Tzach then talked a bit about DynamoDB pricing models (on-demand vs. provisioned) and the challenge of determining what provisioned capacity to set across your tables. For example, what if you have 9 tables, each with 20K sustained capacity – but any given table might peak to 100K for an hour or two per month or per day?

The latter half of the talk focused on reducing existing DynamoDB costs and latencies by migrating to ScyllaDB. Tzach introduced “Alternator,” ScyllaDB’s open source DynamoDB compatible API – which allows teams to take any application written for DynamoDB and run it against ScyllaDB on any public cloud or on-premises. Tzach then provided a quick look at strategies for migrating from DynamoDB to ScyllaDB and a look at what it’s like to work with ScyllaDB once you’ve migrated.

 

Parallel Track Session Highlights

Some highlights across the parallel track sessions…

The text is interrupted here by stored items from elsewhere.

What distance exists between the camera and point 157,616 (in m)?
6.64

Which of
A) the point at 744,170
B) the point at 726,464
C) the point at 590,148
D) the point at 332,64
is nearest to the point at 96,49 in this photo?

Raft After ScyllaDB 5.2: Safe Topology Changes

Kostja Osipov shared what you need to know about ScyllaDB’s first use of Raft – for reliable propagation of schema changes – and what’s next on the path to strong consistency.

 

The Consistency vs Throughput Tradeoff in Distributed Databases

Daniel Abadi, the inventor of the PACELC theorem, explored whether there is a consistency vs throughput tradeoff in distributed database systems that guarantee ACID transactions.

 

Worldwide Local Latency With ScyllaDB

Carly Christensen shared how ZeroFlucs uses ScyllaDB and Go to offer low-latency data processing in a geographically distributed way, with each customer’s data always locally available.

 

Building a 100% ScyllaDB Shard-Aware Application using Rust

ScyllaDB community superstar Alexys Jacob and his colleagues Yassir Barchi and Joseph Perez shared Numberly’s experience designing and operating a distributed, idempotent, and predictable application 100% based on ScyllaDB’s low-level shard-aware topology using Rust.

 

From Postgres to ScyllaDB: Migration Strategies and Performance Gains

Sebastian Vercruysse and Dan Harris shared how Coralogix – a full-stack observability platform – shrank query processing times from 30 seconds (not a typo) to 86 ms by moving from Postgres to ScyllaDB.

 

Maximum Uptime Cluster Orchestration with Ansible

Ryan Ross shared actionable tips and patterns to build confidence in orchestrating ScyllaDB in Production with Ansible– including specific code snippets you can use for inspiration.

 

Everything in its Place: Putting Code and Data Where They Belong

Code runs on computers and data is stored in databases. Right? Maybe. Brian Sletten, author of WebAssembly, The Definitive Guide, explored the changing trends and the issues with getting it wrong.

 

libSQL

Long-time ScyllaDB contributor Piotr Sarna shared an overview of the SQLite architecture and introduced us to his latest project: libSQL, an open-source fork of SQLite that accepts contributions, uses Rust for new features, and integrates with WebAssembly.

 

Key-Key-Value Store: Generic NoSQL Datastore with Tombstone Reduction and Automatic Partition Splitting

Stephen Ma shared Discord’s approach to more quickly and simply onboarding new data storage use cases with their key-value store service that hides many ScyllaDB-specific complexities from developers.